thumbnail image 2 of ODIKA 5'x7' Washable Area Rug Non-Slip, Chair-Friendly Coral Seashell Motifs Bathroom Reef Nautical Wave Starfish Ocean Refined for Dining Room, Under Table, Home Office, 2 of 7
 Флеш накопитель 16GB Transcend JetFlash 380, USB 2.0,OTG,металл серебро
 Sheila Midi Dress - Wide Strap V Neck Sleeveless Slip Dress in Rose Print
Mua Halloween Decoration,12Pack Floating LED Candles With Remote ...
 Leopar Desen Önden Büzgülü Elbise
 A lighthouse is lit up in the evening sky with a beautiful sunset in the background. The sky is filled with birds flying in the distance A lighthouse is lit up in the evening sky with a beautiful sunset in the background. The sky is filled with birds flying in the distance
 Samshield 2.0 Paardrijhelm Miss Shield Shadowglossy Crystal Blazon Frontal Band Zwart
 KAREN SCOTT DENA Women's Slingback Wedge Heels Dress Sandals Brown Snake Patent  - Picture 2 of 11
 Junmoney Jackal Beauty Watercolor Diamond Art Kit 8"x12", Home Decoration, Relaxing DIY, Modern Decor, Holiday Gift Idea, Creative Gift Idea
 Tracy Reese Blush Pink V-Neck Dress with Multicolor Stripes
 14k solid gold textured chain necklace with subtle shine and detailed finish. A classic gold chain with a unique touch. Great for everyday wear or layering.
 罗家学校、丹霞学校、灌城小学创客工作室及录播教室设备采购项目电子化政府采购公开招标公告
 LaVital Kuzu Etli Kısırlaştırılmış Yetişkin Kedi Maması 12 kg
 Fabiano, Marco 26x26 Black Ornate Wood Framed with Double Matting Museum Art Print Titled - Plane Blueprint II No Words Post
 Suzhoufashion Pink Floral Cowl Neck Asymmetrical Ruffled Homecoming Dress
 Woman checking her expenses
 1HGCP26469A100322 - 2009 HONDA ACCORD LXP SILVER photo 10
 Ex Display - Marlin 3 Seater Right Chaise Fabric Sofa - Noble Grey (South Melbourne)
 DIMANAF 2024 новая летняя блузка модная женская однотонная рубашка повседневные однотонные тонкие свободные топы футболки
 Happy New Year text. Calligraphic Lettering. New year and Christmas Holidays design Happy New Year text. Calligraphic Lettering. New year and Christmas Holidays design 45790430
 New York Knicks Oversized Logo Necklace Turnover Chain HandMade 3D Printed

============================================================

Take the stretch of lines above from the one containing "Флеш накопитель 16GB" through the one containing "Leopar Desen Önden Büzgülü Elbise" and repeat it exactly, adding no other line.

THE COMPLETED TASK ▸
 Флеш накопитель 16GB Transcend JetFlash 380, USB 2.0,OTG,металл серебро
 Sheila Midi Dress - Wide Strap V Neck Sleeveless Slip Dress in Rose Print
Mua Halloween Decoration,12Pack Floating LED Candles With Remote ...
 Leopar Desen Önden Büzgülü Elbise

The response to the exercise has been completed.